A general feature of all the models is that by raising the parameter $v_0$ the
modulation region moves from the upper--right to the lower--left of the
$m_W$--$\xi \sigma_{\rm scalar}^{\rm (nucleon)}$ plane.  This is easily
understood since, for a given DM density profile, higher values of $v_0$ imply
higher values of $\rho_0$ (through Eq. (\ref{eq:vrot})) and of the velocity
ellipsoid $\sigma_{ij}\equiv <v_i v_j>$ (through the Jeans equations); the
experimental value of the signal and the measured WIMP--nucleus recoil energy
are fixed by the data, therefore the modulation region moves downward because:
%
\begin{equation}
\frac{dR_{det}}{dE_R} \propto \rho_0 \times \sigma_{\rm scalar}^{\rm (nucleon)}
\end{equation}
%
(see Eq.  (\ref{eq:diffrate0})) and moves to lower masses because:
%
\begin{equation}
E_R \propto m_W \times <v^2>.
\end{equation}
%

On the other hand, when one compares the different density profiles that we
have discussed in the previous Sections, it is worth noticing that, for a given
value of $v_0$, a stronger singularity in the galactic center lowers the value
of $\rho_0^{max}$ (in order to keep constant the mass integral) with the
consequence that the lower part of the modulation region rises.
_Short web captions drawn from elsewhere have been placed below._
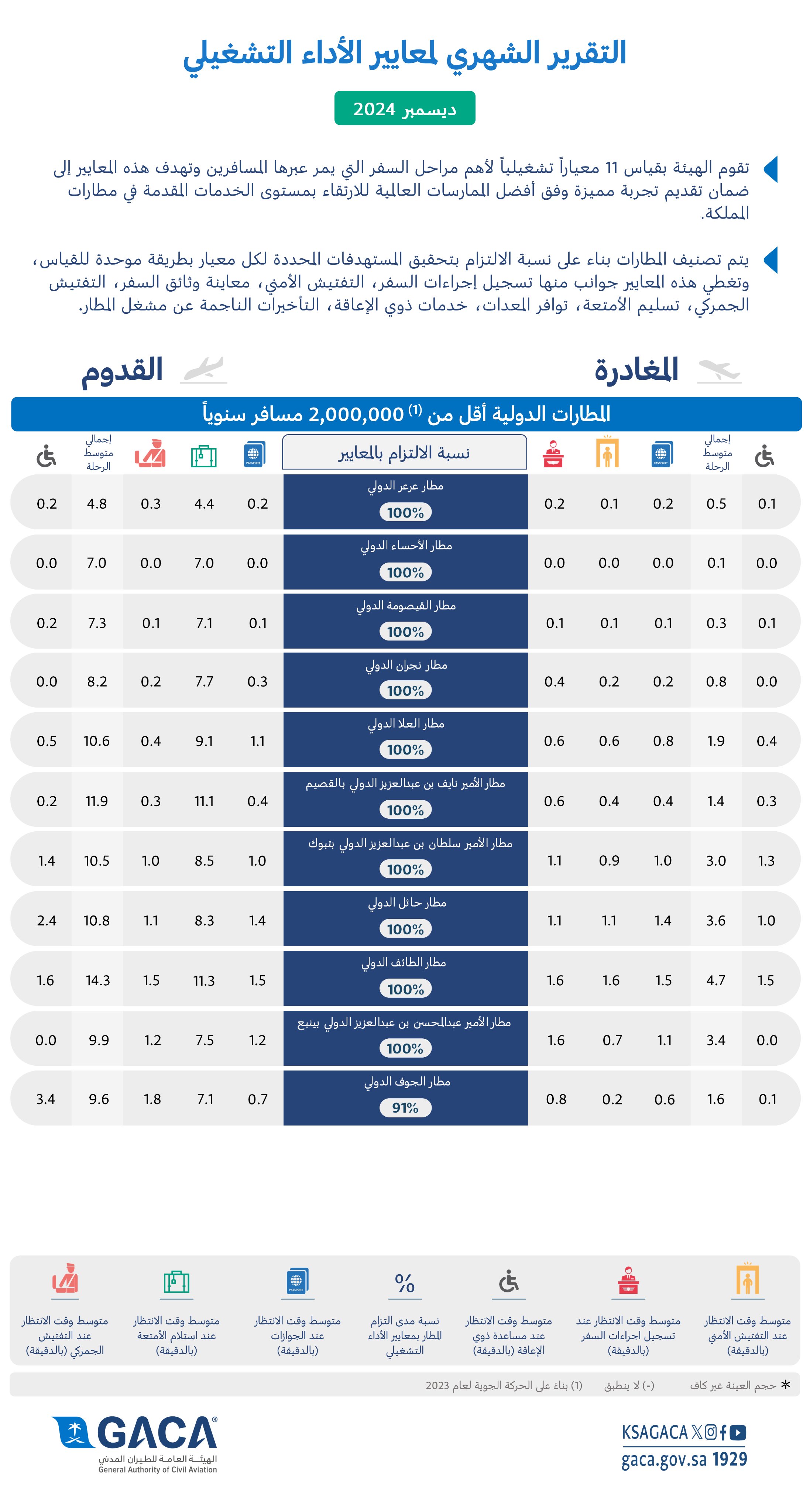 الصورة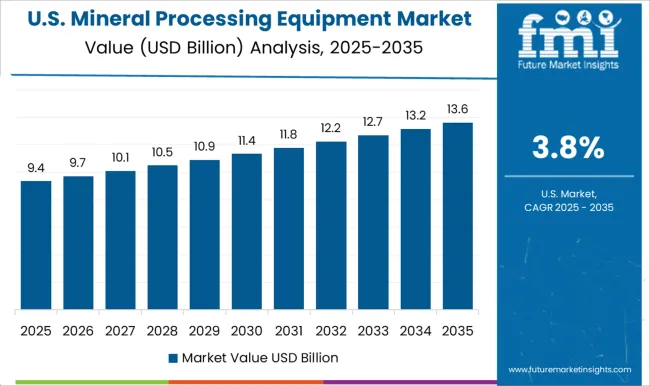 Mineral Processing Equipment Market Country Value Analysis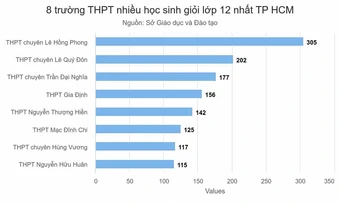 8 trường THPT nhiều giải học sinh giỏi nhất TP HCM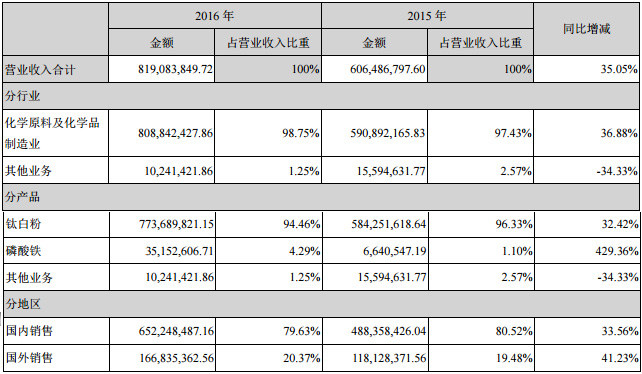 安納達主要產(chǎn)品營收情況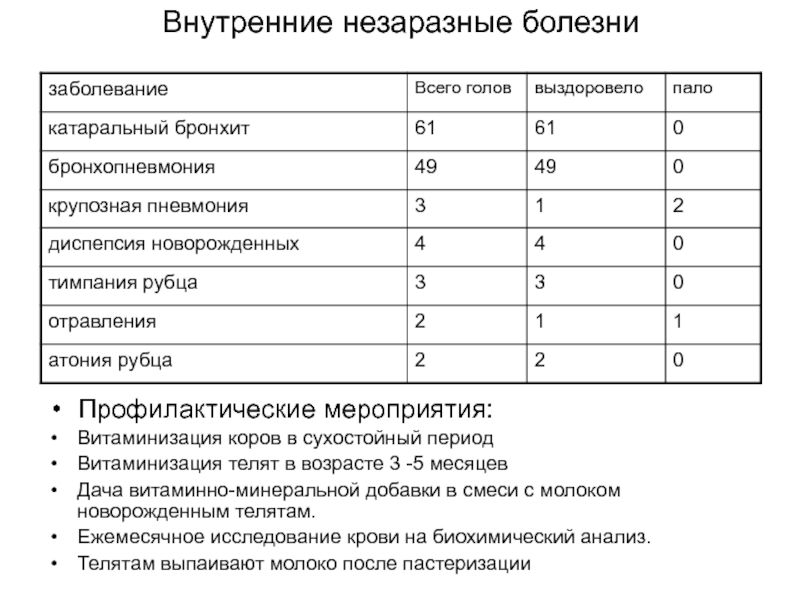 Незаразные болезни. Внутренние заразные болезни. Внутренние незаразные болезни животных. Внутренныене заразные болезни животных. Классификация внутренних незаразных болезней.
So the smallest
values of $\xi \sigma_{\rm scalar}^{\rm (nucleon)}$ are reached by the models
with a less singular density profile.

Figures 4--18 show the result of the analysis for the models with a spherically
symmetric density profile (models A0--7, B1--7).  Models A0--7 have an
isotropic velocity dispersion, while in models B1--7 a degree of anisotropy in
the velocity dispersion is introduced through the Osipkov--Merrit term of
Eq.(\ref{eq:om}). The amount of anisotropy is controlled by the $\beta_0$
parameter of Eq. (\ref{eq:beta0}) and it has been fixed at the value:
$\beta_0=0.4$. This value corresponds to a radial anisotropy. In order to
account for the uncertainty in the DM local density $\rho_0$, for each case two
regions are given, the higher (lower) corresponding to $\rho_0=\rho_0^{min}$
($\rho_0^{max}$), where $\rho_0^{min}$ and $\rho_0^{max}$ have been obtained as
discussed in Section IV and are reported in Table \ref{tab:intervals}.  The
numerical values of the parameters summarized in the third column of Table
\ref{tab:models} have been chosen in order to ensure the compatibility of the
curves of Figs.  \ref{fig:check_densities_220}, \ref{fig:check_densities_170},
\ref{fig:check_densities_270} with the constraints of
Eqs.(\ref{eq:lim_mvis},\ref{eq:lim_vrot}), discussed in Section
\ref{sec:constraining}. The Jaffe models A4, B4, which goes into the isothermal
sphere when $R_c \rightarrow \infty$, have been calculated for the smallest
allowed value of the core radius $R_c$ in order to examine the case of maximal
departure from the usual scenario. As a consequence of this, for this model
$\rho_0^{min} \simeq \rho_0^{max}$ and in Figs.  \ref{fig:a4},\ref{fig:b4} the
upper and lower modulation regions are superimposed.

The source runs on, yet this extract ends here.